Как раз напротив, мы им предназначаем особый ряд имен: Азор, Медор, Султан, Фидо, Диана (последнее имя — несомненно человеческое, но сперва мыслившееся как мифологическое) и т. д., которые суть почти все театральные имена, образующие параллельный ряд к тем именам, что мы носим в повседневной жизни, иначе говоря, метафорические имена. Следовательно, когда отношение между видами (человеческим и животным) социально мыслится как метафорическое, то отношение между соответствующими системами наименований принимает метонимический характер; когда же отношение между видами мыслится как метонимическое, то системы наименований приобретают метафорический характер.

Рассмотрим теперь другой случай — со скотом, социальная позиция которого метонимична (он составляет часть нашей техно-экономической системы), но отличается от позиции собак в том отношении, что со скотом более открыто обходятся, как с объектом, а собаки — субъект (это подсказывают, с одной стороны, коллективное название для обозначения первого и, с другой стороны, пищевое табу в нашей культуре на потребление собак; иная ситуация у африканских пастухов, обращающихся со скотом подобно тому, как мы с собаками). Однако имена, которые мы даем скоту, берутся не из того ряда, что для птиц или для собак; это обычно описательные выражения, вызывающие представление о масти, о поступи, характере, темпераменте: Грубиян, Рыжий, Белянка, Кроткая и т. д. (см.: Levi-Strauss 2, р. 280).

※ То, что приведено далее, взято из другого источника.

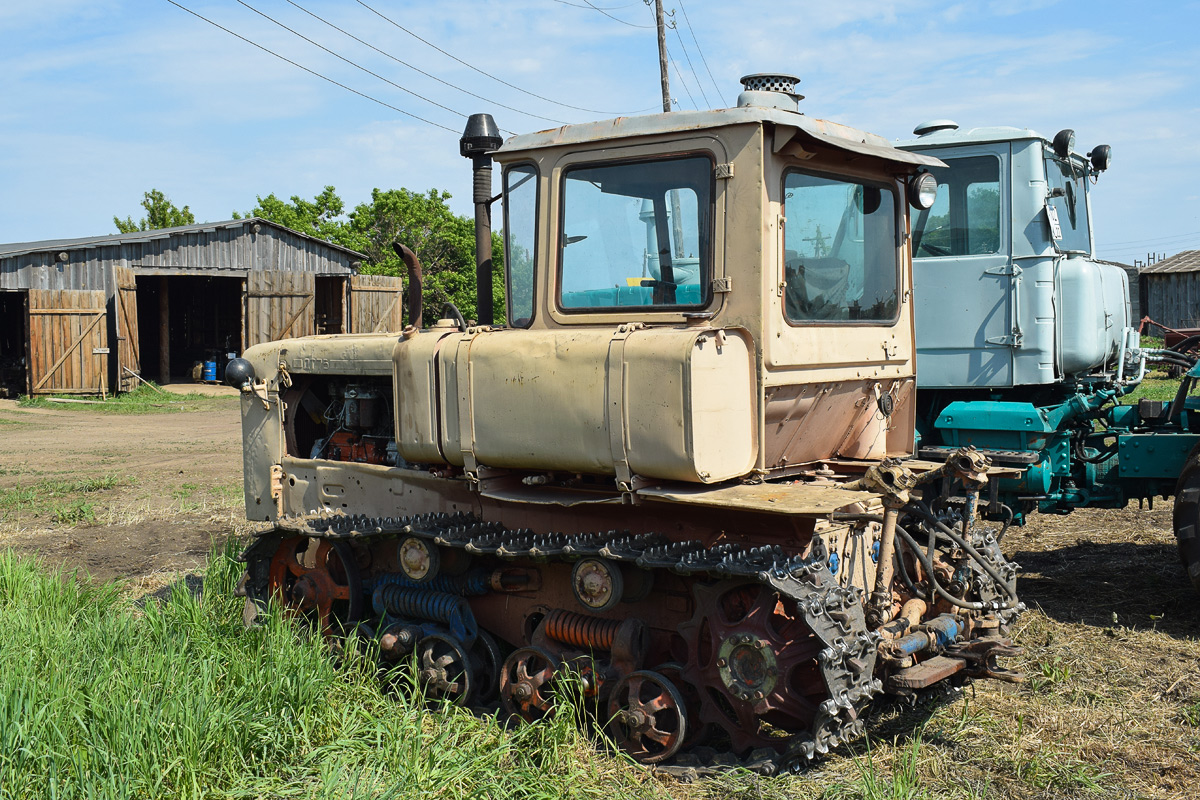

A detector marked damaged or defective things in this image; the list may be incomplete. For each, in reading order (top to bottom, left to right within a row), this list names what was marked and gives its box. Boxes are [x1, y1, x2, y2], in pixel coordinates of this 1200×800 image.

Эти имена часто имеют метафорический характер, но они отличаются от имен собак тем, что являются эпитетами, происходящими из синтагматической цепочки, тогда как имена собак — из парадигматического ряда. Итак, одни зависят больше от речи, а другие скорее от языка.

Рассмотрим наконец имена, даваемые лошадям. Не только обычным лошадям, которые сообразно классу и профессии владельца могут располагаться на более или менее близком расстоянии от скота и от собак и чье место делается все более неопределенным в силу быстрых преобразований в технике, характерных для нашей эпохи, но и скаковым лошадям, чья социологическая позиция отчетливо выделяется относительно уже рассмотренных случаев. Прежде всего, как квалифицировать эту позицию? Нельзя сказать, что скаковые лошади образуют независимое сообщество наподобие птиц, поскольку они суть продукт человеческого промысла, рождаются и живут на конном заводе, замысленном ради них, как изолированные индивиды. Они не составляют части человеческого общества ни под рубрикой субъектов, ни под рубрикой объектов; скорее их можно считать десоциализированным условием существования особого сообщества, проводящего жизнь на ипподромах или посещающего его. Этим отличиям соответствует и другое, в системе деноминации, хотя сопоставление здесь требует двух оговорок: имена, даваемые скаковым лошадям, выбираются по особым правилам, различным для чистокровных и метисов; они свидетельствуют об эклектизме, идущем больше от научной литературы, чем от устной традиции. Исходя из сказанного, имена скаковых лошадей, несомненно значительно контрастируют с именами птиц, собак либо скота. Они строго индивидуализированы, ибо исключено, как у тиви, чтобы два индивида носили одинаковое имя. Хотя они разделяют с именами, даваемыми скоту, способ образования — берутся из синтагматической цепочки: Океан, Азимут, Опера, Красота Ночи, Телеграф, Светлячок, Орветан,[125]Уикэнд, Лазурит и т. д., — но отличаются от них отсутствием описательной коннотации: их создание абсолютно свободно, притом что уважаются требование недвусмысленной индивидуации и особые правила, на что нами указывалось. Следовательно, в то время как скот получает описательные имена, образованные исходя из слов речи, скаковые лошади получают в качестве имен слова речи, которые их не описывают либо описывают редко. Если имена первого типа похожи на над-имена,[126]то вторые заслуживают быть названными под-именами, ибо как раз во второй области царит наиболее попустительствуемый произвол.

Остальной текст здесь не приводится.